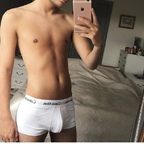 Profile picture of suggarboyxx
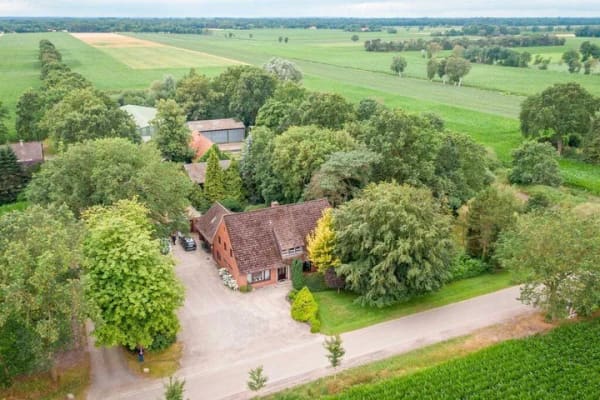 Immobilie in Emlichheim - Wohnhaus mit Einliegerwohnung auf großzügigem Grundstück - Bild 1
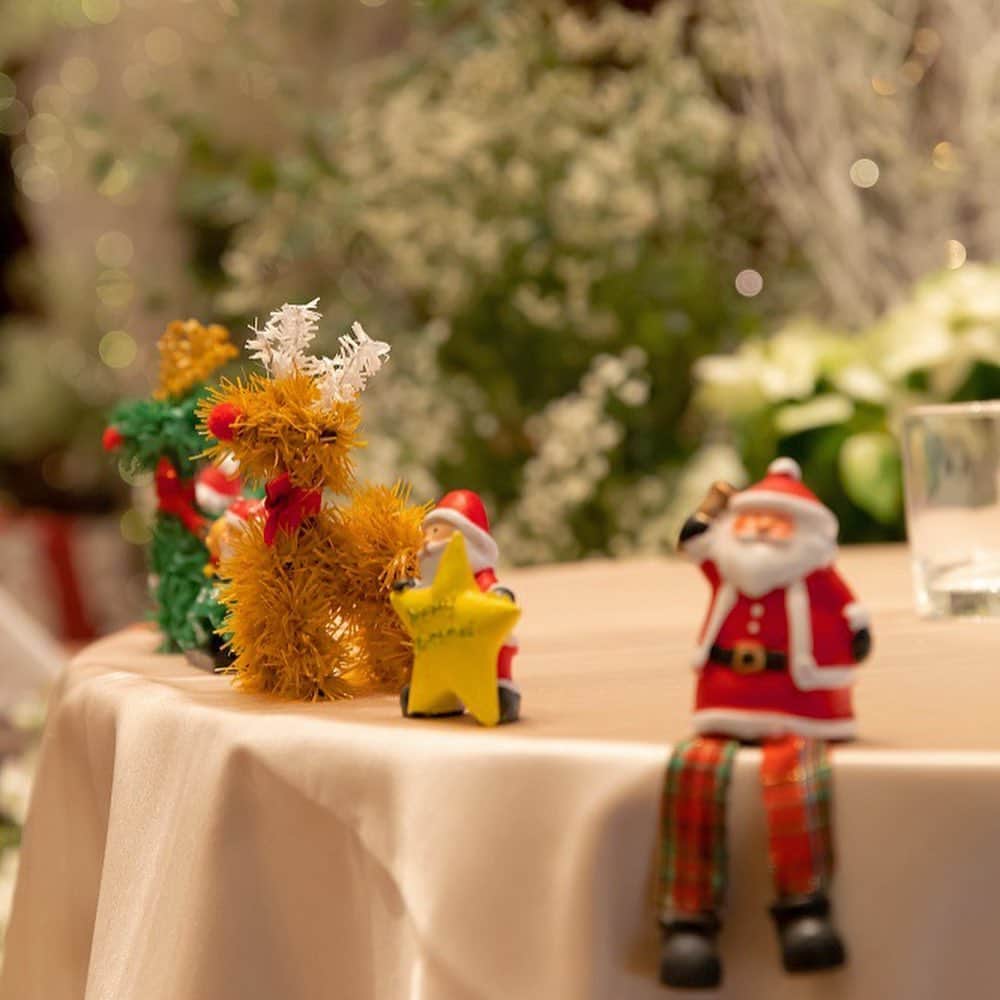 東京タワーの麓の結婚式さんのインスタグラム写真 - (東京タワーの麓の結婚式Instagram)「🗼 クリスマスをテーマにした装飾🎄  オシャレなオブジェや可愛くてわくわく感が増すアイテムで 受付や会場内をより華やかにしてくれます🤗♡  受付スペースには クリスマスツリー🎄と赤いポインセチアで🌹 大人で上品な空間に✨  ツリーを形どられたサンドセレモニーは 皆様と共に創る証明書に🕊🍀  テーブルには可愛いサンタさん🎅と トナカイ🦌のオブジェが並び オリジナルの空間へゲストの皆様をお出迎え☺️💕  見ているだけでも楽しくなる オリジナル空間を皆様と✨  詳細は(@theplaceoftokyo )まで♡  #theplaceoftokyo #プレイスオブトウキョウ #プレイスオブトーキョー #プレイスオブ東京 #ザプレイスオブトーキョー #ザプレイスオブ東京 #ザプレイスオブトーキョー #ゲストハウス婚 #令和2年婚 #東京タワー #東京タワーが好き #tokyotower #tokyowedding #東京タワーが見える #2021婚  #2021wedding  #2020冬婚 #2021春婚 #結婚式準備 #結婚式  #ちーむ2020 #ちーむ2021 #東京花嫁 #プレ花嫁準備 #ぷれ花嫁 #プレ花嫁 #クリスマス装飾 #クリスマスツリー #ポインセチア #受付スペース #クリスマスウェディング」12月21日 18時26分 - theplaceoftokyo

...

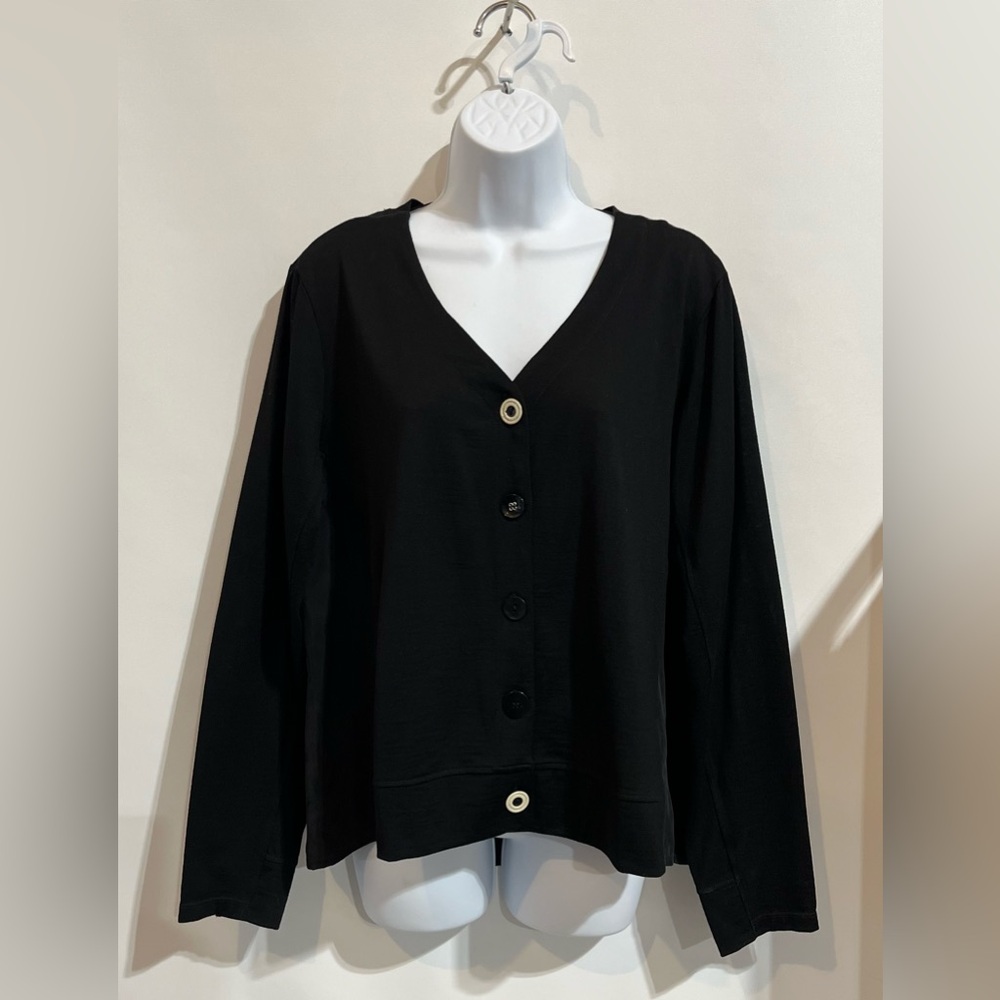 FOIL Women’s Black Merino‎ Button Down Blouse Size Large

...

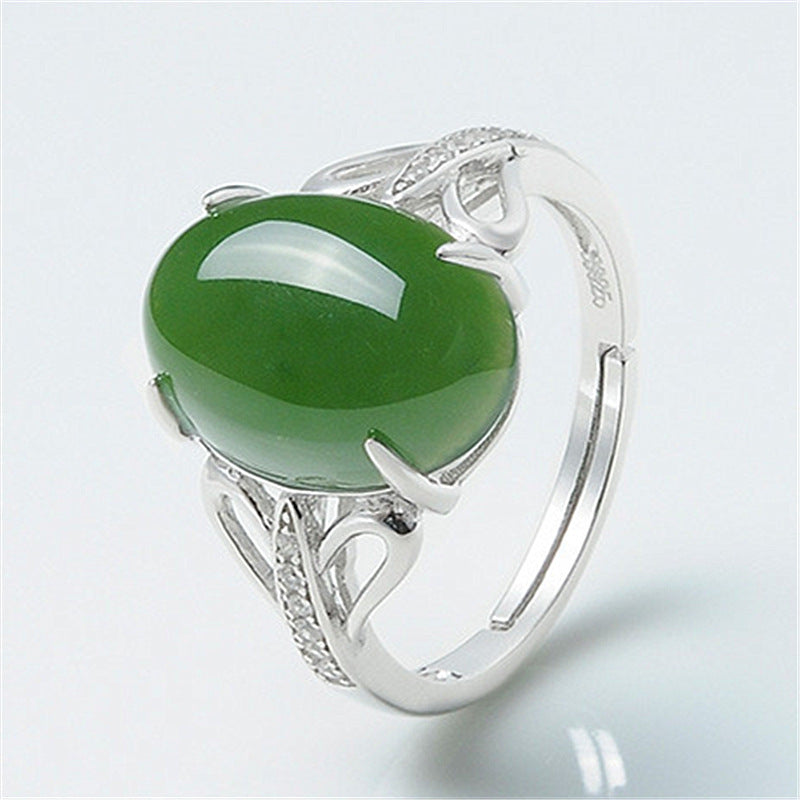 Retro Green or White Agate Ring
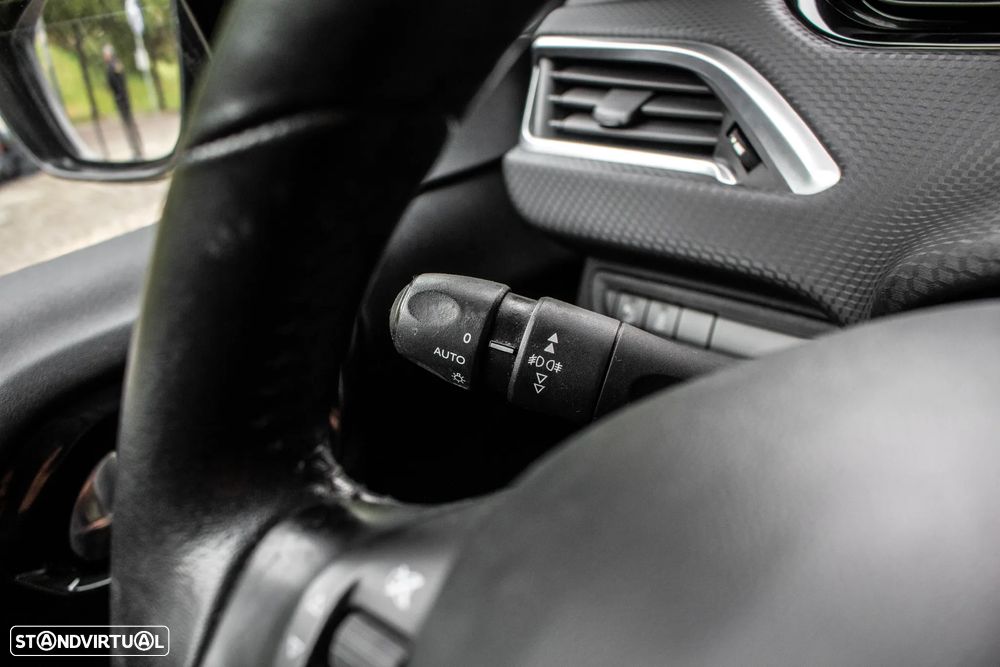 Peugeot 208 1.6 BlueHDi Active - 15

Task —
What is needed is an exact copy of the lines above from the one with "Retro Green or White Agate Ring" to the one with "Peugeot 208 1.6 BlueHDi Active - 15", both ends kept, and nothing more; please leave the pictures out.

Task output —
 Retro Green or White Agate Ring
 Peugeot 208 1.6 BlueHDi Active - 15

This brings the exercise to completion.